Photo: Joshua Franzos
28th Heinz Awards - 2023
Energy justice leader Nicole Horseherder, Diné, of the Navajo Nation, receives the Heinz Award for the Environment for her work as co-founder and executive director of the nonprofit Tó Nizhóní Ání, which translates to “Sacred Water Speaks.” Tó Nizhóní Ání (TNA) strives to protect the aquifers, streams and land of Black Mesa, Arizona; bring power back to Indigenous communities suffering the environmental effects of decades of coal extraction and industry waste; and position the region to transition to and produce renewable energy.
Returning to Black Mesa after college, Ms. Horseherder learned that the aquifer sustaining Indigenous populations in the region was being drained of 3 to 4 million gallons of fresh water per day to transport coal slurry, while also exposing nearby residents to heavy metal-laden coal dust.
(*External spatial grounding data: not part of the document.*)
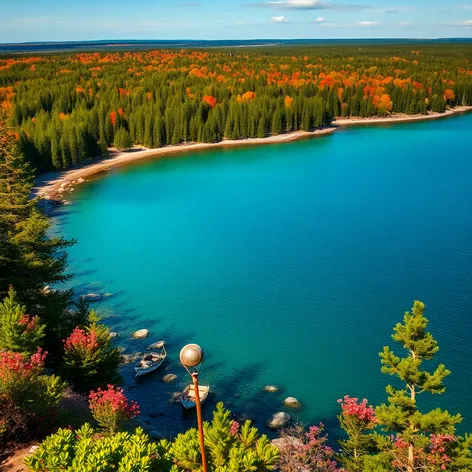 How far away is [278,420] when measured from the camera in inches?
917

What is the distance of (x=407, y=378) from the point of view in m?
15.8

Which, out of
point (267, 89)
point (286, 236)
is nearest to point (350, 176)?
point (286, 236)

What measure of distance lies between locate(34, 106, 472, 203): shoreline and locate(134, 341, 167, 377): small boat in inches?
1232

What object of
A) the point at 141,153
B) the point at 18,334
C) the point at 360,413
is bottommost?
the point at 360,413

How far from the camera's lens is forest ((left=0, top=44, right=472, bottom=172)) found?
279 ft

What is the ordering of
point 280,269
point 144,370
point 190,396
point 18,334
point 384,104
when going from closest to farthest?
point 18,334 < point 190,396 < point 144,370 < point 280,269 < point 384,104

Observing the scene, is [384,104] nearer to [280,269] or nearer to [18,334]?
[280,269]

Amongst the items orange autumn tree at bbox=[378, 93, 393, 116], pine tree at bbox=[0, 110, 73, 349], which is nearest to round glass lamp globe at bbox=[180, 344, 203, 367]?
pine tree at bbox=[0, 110, 73, 349]

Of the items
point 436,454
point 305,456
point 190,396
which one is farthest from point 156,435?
point 436,454

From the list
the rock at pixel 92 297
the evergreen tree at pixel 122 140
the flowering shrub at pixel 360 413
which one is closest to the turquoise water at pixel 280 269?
the rock at pixel 92 297

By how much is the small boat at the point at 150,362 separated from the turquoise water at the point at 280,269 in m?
0.60

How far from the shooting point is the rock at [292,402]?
2483cm

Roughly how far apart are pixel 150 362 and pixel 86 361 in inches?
264

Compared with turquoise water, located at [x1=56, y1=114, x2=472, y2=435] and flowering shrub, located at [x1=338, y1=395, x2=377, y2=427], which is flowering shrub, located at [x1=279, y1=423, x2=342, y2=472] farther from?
turquoise water, located at [x1=56, y1=114, x2=472, y2=435] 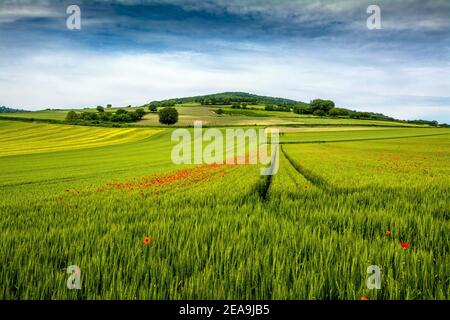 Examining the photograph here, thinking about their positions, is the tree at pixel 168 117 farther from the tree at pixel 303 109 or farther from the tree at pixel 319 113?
the tree at pixel 319 113

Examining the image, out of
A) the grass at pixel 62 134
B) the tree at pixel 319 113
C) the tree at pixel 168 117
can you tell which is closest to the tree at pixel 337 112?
the tree at pixel 319 113

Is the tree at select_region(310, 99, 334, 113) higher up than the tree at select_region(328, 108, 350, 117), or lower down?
higher up

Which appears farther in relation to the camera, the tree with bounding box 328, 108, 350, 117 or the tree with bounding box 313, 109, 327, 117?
the tree with bounding box 313, 109, 327, 117

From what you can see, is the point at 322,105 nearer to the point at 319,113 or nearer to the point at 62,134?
the point at 319,113

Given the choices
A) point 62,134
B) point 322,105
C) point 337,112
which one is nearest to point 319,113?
point 337,112

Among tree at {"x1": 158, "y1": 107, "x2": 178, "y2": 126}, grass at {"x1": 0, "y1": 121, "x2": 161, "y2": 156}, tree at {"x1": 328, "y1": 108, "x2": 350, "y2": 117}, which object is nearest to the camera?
grass at {"x1": 0, "y1": 121, "x2": 161, "y2": 156}

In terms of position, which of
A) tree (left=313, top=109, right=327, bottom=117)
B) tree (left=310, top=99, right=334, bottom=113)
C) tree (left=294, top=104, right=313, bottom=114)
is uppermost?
tree (left=310, top=99, right=334, bottom=113)

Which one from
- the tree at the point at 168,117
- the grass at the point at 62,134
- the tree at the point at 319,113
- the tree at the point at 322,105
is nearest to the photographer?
the grass at the point at 62,134

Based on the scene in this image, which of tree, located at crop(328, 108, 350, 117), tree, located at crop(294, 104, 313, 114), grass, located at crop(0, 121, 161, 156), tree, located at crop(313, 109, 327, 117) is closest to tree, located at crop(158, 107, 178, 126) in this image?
grass, located at crop(0, 121, 161, 156)

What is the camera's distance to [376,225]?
205 inches

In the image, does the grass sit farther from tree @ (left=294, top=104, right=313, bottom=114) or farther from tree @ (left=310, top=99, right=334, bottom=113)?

She went on to co-found TNA, and under her leadership, TNA worked to shut down mine operations, successfully ending industrial use of the aquifer that serves as the region’s only source of drinking water.
In 2019, the Navajo Generating Station, the largest coal-fired power plant in the western U.S. and the largest source of nitrogen dioxide pollution in the country, was also closed, in part due to TNA’s ongoing efforts. Today, TNA is focused on the decommissioning and complete cleanup of industrial sites across Indigenous lands in the Black Mesa region. Its approach includes repatriation of artifacts and ancestral remains removed when mining began and financing a just transition to clean energy production and transmission.
Under Ms. Horseherder’s guidance and leadership, TNA initiated an agreement between the Navajo Nation and the City of Los Angeles Department of Water and Power to identify Navajo land for renewable energy development. As of 2022, three large-scale Navajo solar facilities are in place, with another to be completed in 2023.